Il avait saisi son cou de ses deux mains et l’avait serré. Elle avait essayé de se débattre et de gigoter mais elle n’était pas assez forte pour lui faire lâcher prise. Lorsque finalement le corps sans vie de sa fille s’était écroulé sur le sol, il l’avait serré contre lui, sentant son corps encore chaud que le froid de la mort envahissait déjà. En sanglotant. Pourquoi avait il fallut qu’elle le trahisse, leur vie était magnifique, il était le plus heureux des hommes. Et il avait du mettre un terme à son bonheur de ses propres mains.
Lorsque sa femme était rentrée, elle l’avait trouvé prostré, serrant le cadavre de sa fille entre ses bras.
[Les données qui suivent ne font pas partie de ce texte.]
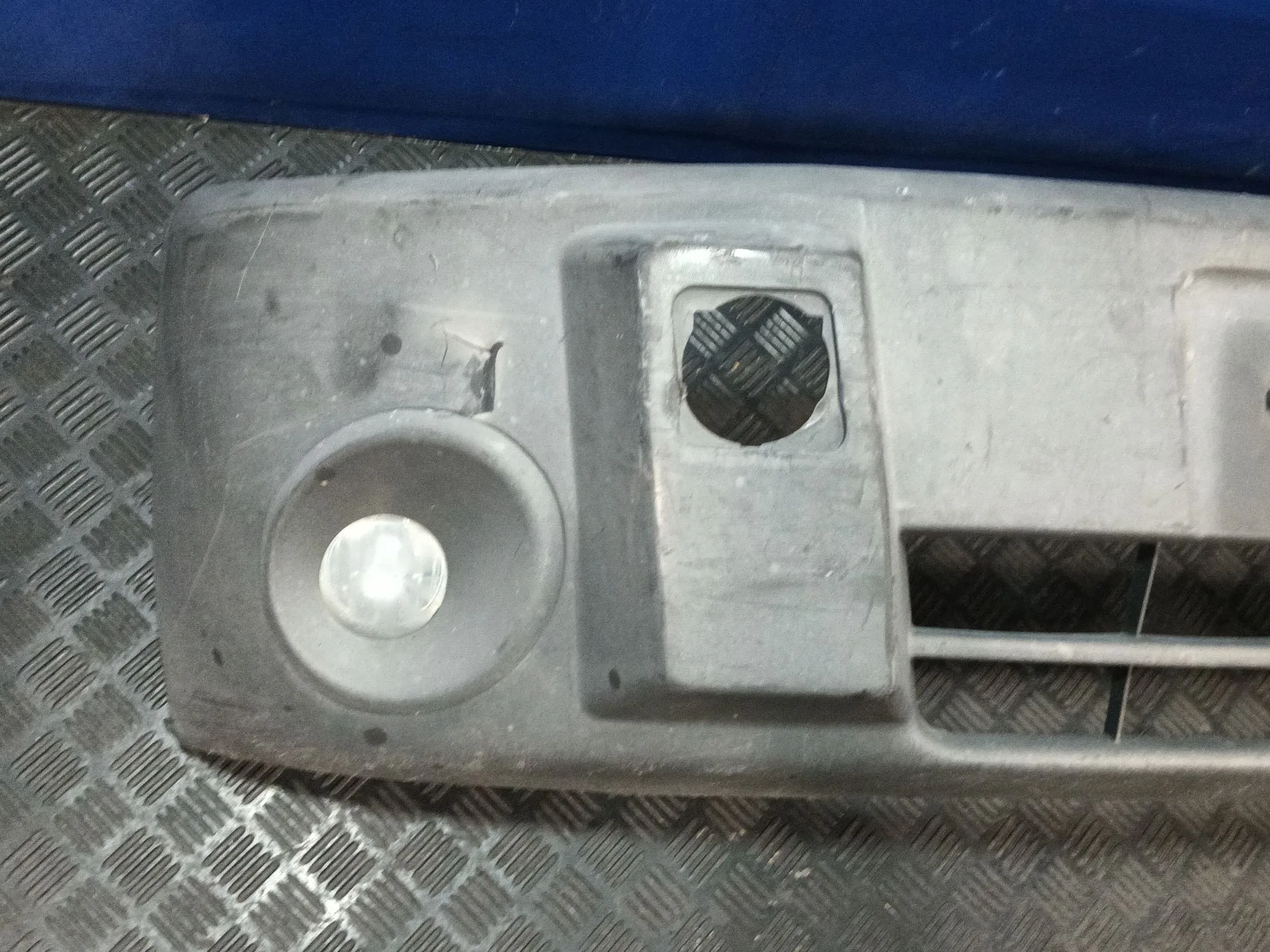 Paragolpes Delantero para Ford Transit Connect (P65_, P70_, P80_)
Il lui avait expliqué qu’il n’avait pas eu le choix, qu’il avait agit pour sauver la nation et éviter que les russes ne réussissent.
Ensuite tout était flou dans sa tête. Ses souvenirs se mélangeaient. Il y avait eut la police chez lui, avec un médecin. Il avait essayé de leur expliquer, sans divulguer sa couverture. Il revoyait un type sévère, visage grave, blouse blanche et petites lunettes ronde parlé de cas de schizophrénie paranoïde avancée, il se souvenait d’une piqure dans son bras et puis plus rien jusqu’à son réveil dans cette pièce.
Mais Il ne perdait pas espoir, son chef allait le libérer. Il devait juste tenir bon. Ne pas craquer.
voila le thème du défi
Je défie quiconque me racontera l'histoire d'un homme qui se réveille dans une chambre d'hôpital psychiatrique, une camisole de force sur lui, dans une chambre molletonnée et vide. Sans aucune sortie.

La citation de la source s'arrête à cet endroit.